If home alone too long without frequent exercise and/or enrichment, your dog could easily become bored and, as a result, turn to destructive or otherwise problematic behaviors. In fact, many dogs will develop anxiety if left alone for a while.
To help release their pent-up energy, consider walking the dog even for 30 minutes or less a day. This activity can also help keep them in shape and reduce the risks of chronic conditions such as obesity.
If your dog cannot go out for whatever reason, create a play space for your pet while you’re out. Provide it with chew toys and balls. If you can afford it and have enough space, giving it a companion can also be a lovely way to end its boredom.

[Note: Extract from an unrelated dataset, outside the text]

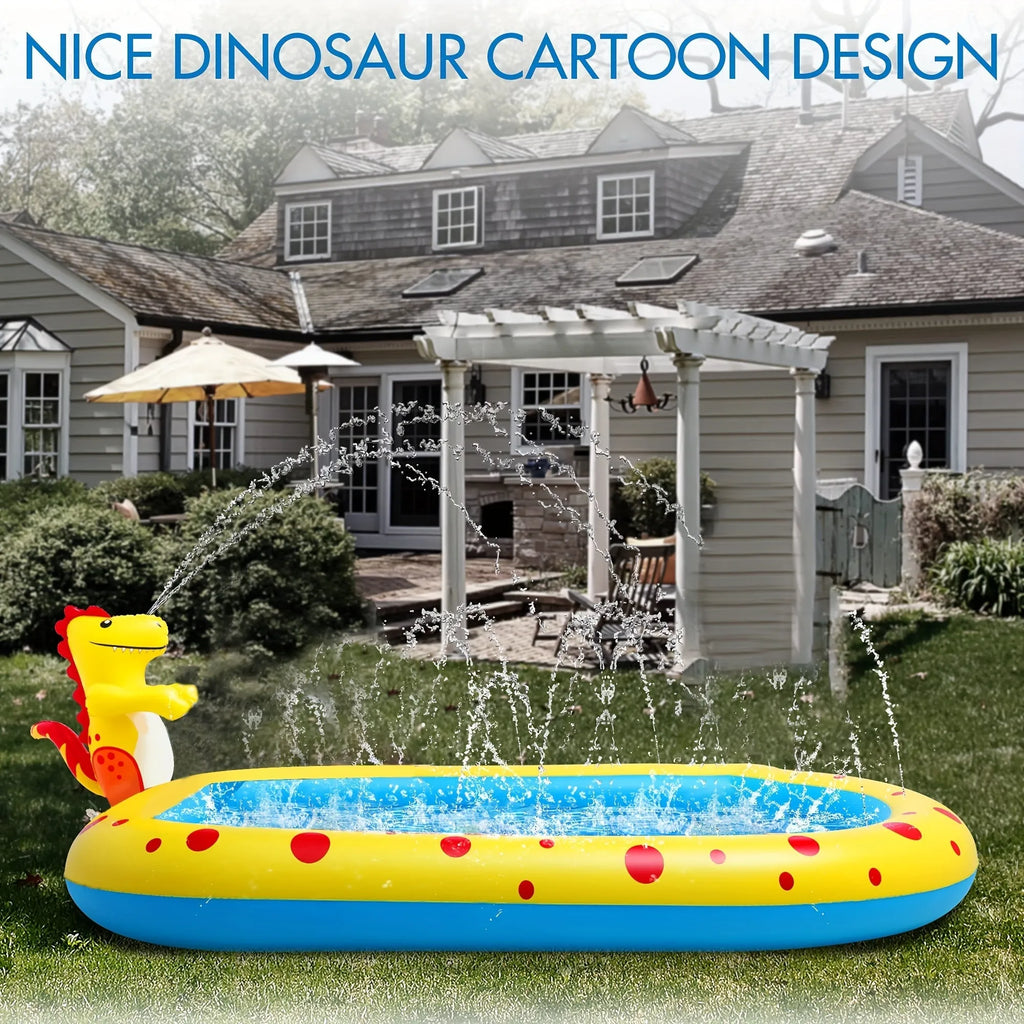 Blue dinosaur water spray play mat with inflatable shark pool for children's outdoor water games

Sometimes people associate aggression with chewing everything from shoes to electrical wires. Why do dogs love to chew on things anyway? There are a couple of reasons:
- The dogs are bored.
- The puppies are still exploring their surroundings.
- Dogs, which have sensitive noses, actually like the smell of humans. They might bite on things with a human scent like shoes.
7. Resource Guarding
If your pup is a picky eater or a canine goodie-two-shoes, then it might guard resources (i.e., food, toys, people), which can result in aggression towards other dogs and/or humans.
While resource guarding is common in many dogs, you should never tolerate it since it could lead to problems down the line, like biting someone’s hand when they reach for the dog’s food bowl.
Aggressive behavior in dogs is a serious issue but one that can be resolved with the right training. If you’re wondering how to get started or what might have led your dog down this path, don’t worry, many people are willing to help.